Mr. Liebeler. Can you fix the date?

Mr. Greener. No; no way in the world. In the first place, I wasn't here. I feel sure I wasn't here at the time this went on. I was gone from—I don't remember what day I left. I started hunting in South Dakota on November 2, and we came back somewhere between the 12th and 14th.

Mr. Liebeler. What makes you feel that you weren't here at the time this tag was made up?

Mr. Greener. Well, in checking around, I feel like possibly that I would have noticed it on the gunrack. I would—I don't know whether I would or not, because I do some of the repair work myself, and a lot of times I go through the guns on the rack to be repaired, and if it is something I can do, I take care of it. If he is busy, then I take care of it.

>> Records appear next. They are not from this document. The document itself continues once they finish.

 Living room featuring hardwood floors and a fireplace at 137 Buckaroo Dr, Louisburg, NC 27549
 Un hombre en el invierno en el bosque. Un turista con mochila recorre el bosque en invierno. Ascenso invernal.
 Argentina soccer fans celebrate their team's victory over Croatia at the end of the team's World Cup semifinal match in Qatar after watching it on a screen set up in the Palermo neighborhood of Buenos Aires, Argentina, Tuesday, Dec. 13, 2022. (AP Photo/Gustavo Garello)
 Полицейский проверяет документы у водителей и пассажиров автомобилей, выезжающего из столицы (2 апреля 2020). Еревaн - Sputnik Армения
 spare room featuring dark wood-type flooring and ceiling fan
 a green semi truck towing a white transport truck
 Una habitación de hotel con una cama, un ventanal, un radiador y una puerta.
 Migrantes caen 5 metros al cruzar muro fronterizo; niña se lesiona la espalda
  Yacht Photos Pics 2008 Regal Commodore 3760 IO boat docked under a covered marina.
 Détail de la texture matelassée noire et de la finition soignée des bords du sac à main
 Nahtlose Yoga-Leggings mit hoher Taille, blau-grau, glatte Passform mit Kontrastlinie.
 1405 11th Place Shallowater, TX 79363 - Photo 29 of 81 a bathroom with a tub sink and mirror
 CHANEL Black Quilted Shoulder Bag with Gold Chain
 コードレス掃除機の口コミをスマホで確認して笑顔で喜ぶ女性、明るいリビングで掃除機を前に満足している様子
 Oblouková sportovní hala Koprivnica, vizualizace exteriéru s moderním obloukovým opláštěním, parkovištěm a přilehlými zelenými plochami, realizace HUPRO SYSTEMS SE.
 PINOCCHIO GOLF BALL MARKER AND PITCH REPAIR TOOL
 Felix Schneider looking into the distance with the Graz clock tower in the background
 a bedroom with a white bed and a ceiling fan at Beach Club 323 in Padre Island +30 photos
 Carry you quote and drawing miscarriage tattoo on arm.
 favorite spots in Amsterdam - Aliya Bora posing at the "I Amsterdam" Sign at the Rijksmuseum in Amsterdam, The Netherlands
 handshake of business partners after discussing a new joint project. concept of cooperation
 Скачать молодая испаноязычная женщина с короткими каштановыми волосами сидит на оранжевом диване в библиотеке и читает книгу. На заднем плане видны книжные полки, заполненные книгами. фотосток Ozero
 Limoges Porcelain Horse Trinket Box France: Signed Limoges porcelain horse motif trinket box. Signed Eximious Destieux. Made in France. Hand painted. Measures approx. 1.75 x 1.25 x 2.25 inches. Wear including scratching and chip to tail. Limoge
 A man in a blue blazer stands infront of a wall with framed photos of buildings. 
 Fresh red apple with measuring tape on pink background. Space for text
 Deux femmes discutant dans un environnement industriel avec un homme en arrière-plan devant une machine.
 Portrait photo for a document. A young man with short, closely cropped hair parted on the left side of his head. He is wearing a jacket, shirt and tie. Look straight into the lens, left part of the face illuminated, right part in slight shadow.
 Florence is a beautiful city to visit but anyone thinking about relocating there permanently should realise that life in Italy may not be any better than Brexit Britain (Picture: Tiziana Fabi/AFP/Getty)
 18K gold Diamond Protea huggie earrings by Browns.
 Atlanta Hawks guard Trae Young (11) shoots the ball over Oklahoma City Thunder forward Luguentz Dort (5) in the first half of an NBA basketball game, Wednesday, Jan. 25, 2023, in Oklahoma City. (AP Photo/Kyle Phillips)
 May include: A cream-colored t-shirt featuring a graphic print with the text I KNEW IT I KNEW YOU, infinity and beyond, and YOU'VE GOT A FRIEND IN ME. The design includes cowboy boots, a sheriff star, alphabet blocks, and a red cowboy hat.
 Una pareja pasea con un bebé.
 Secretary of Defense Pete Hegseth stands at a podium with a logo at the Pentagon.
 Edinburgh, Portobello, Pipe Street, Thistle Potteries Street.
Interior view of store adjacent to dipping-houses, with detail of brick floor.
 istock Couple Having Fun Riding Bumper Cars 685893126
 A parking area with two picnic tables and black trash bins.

Mr. Liebeler. Ryder, you mean?

Mr. Greener. Yes.

Mr. Liebeler. But you have no recollection of this tag?

Mr. Greener. None whatsoever, until, I believe, it was the day on Thanksgiving when they came down here. Now, I believe—this has been a long time and we are going into phases of this I hadn't thought of in a long time—it seems to me that the FBI got ahold of him and they come down scouring through the place. That was very possible after the newspaper report broke. It could have been before, but it seems to me that that is when the tag appeared. I believe it was an FBI man who was out here checking.

Mr. Liebeler. Well, now, if that is true, then the tag would have had to have been found and the FBI man would have had to have been here before the story broke in the newspaper?